Data under study ▸

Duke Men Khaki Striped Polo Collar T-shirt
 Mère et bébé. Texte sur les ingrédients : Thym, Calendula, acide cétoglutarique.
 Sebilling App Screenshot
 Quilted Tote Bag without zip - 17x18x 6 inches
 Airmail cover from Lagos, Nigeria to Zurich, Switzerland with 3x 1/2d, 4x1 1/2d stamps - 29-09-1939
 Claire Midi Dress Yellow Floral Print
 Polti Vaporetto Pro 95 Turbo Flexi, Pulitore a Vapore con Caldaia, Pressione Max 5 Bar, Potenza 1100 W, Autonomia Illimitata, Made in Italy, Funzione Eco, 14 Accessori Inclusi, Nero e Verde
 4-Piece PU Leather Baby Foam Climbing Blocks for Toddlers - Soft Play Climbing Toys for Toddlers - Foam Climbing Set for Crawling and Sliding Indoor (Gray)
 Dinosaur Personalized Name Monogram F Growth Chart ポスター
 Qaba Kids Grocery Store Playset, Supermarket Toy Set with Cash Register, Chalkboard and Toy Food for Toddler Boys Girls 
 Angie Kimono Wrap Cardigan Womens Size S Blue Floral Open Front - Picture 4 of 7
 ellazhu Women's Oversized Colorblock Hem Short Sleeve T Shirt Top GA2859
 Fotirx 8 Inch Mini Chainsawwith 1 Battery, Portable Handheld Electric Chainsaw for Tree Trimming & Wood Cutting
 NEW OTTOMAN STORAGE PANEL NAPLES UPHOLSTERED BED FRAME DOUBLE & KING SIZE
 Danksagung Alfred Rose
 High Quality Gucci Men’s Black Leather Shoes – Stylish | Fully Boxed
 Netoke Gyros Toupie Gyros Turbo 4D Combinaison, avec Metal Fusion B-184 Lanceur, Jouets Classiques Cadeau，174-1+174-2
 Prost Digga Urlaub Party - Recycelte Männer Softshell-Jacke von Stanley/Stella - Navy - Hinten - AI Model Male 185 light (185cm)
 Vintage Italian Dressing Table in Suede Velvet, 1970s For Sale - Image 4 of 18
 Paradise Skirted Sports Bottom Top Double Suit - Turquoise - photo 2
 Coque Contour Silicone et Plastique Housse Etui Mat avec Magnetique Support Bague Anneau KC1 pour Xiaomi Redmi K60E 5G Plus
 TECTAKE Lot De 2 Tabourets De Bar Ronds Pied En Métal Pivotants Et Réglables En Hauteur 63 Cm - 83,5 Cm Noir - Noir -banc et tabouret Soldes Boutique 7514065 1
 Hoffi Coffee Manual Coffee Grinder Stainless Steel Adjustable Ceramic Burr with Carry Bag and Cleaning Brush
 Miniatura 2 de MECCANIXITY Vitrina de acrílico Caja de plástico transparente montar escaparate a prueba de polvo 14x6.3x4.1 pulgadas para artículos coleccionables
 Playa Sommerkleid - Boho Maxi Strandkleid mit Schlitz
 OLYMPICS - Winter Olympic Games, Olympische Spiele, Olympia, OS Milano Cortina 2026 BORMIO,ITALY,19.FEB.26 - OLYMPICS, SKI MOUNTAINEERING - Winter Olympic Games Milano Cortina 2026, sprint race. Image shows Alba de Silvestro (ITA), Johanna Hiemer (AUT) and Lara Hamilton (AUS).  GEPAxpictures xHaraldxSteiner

The problem ▸ The entries above must be written out again exactly as they are.

Output ▸
Duke Men Khaki Striped Polo Collar T-shirt
 Mère et bébé. Texte sur les ingrédients : Thym, Calendula, acide cétoglutarique.
 Sebilling App Screenshot
 Quilted Tote Bag without zip - 17x18x 6 inches
 Airmail cover from Lagos, Nigeria to Zurich, Switzerland with 3x 1/2d, 4x1 1/2d stamps - 29-09-1939
 Claire Midi Dress Yellow Floral Print
 Polti Vaporetto Pro 95 Turbo Flexi, Pulitore a Vapore con Caldaia, Pressione Max 5 Bar, Potenza 1100 W, Autonomia Illimitata, Made in Italy, Funzione Eco, 14 Accessori Inclusi, Nero e Verde
 4-Piece PU Leather Baby Foam Climbing Blocks for Toddlers - Soft Play Climbing Toys for Toddlers - Foam Climbing Set for Crawling and Sliding Indoor (Gray)
 Dinosaur Personalized Name Monogram F Growth Chart ポスター
 Qaba Kids Grocery Store Playset, Supermarket Toy Set with Cash Register, Chalkboard and Toy Food for Toddler Boys Girls 
 Angie Kimono Wrap Cardigan Womens Size S Blue Floral Open Front - Picture 4 of 7
 ellazhu Women's Oversized Colorblock Hem Short Sleeve T Shirt Top GA2859
 Fotirx 8 Inch Mini Chainsawwith 1 Battery, Portable Handheld Electric Chainsaw for Tree Trimming & Wood Cutting
 NEW OTTOMAN STORAGE PANEL NAPLES UPHOLSTERED BED FRAME DOUBLE & KING SIZE
 Danksagung Alfred Rose
 High Quality Gucci Men’s Black Leather Shoes – Stylish | Fully Boxed
 Netoke Gyros Toupie Gyros Turbo 4D Combinaison, avec Metal Fusion B-184 Lanceur, Jouets Classiques Cadeau，174-1+174-2
 Prost Digga Urlaub Party - Recycelte Männer Softshell-Jacke von Stanley/Stella - Navy - Hinten - AI Model Male 185 light (185cm)
 Vintage Italian Dressing Table in Suede Velvet, 1970s For Sale - Image 4 of 18
 Paradise Skirted Sports Bottom Top Double Suit - Turquoise - photo 2
 Coque Contour Silicone et Plastique Housse Etui Mat avec Magnetique Support Bague Anneau KC1 pour Xiaomi Redmi K60E 5G Plus
 TECTAKE Lot De 2 Tabourets De Bar Ronds Pied En Métal Pivotants Et Réglables En Hauteur 63 Cm - 83,5 Cm Noir - Noir -banc et tabouret Soldes Boutique 7514065 1
 Hoffi Coffee Manual Coffee Grinder Stainless Steel Adjustable Ceramic Burr with Carry Bag and Cleaning Brush
 Miniatura 2 de MECCANIXITY Vitrina de acrílico Caja de plástico transparente montar escaparate a prueba de polvo 14x6.3x4.1 pulgadas para artículos coleccionables
 Playa Sommerkleid - Boho Maxi Strandkleid mit Schlitz
 OLYMPICS - Winter Olympic Games, Olympische Spiele, Olympia, OS Milano Cortina 2026 BORMIO,ITALY,19.FEB.26 - OLYMPICS, SKI MOUNTAINEERING - Winter Olympic Games Milano Cortina 2026, sprint race. Image shows Alba de Silvestro (ITA), Johanna Hiemer (AUT) and Lara Hamilton (AUS).  GEPAxpictures xHaraldxSteiner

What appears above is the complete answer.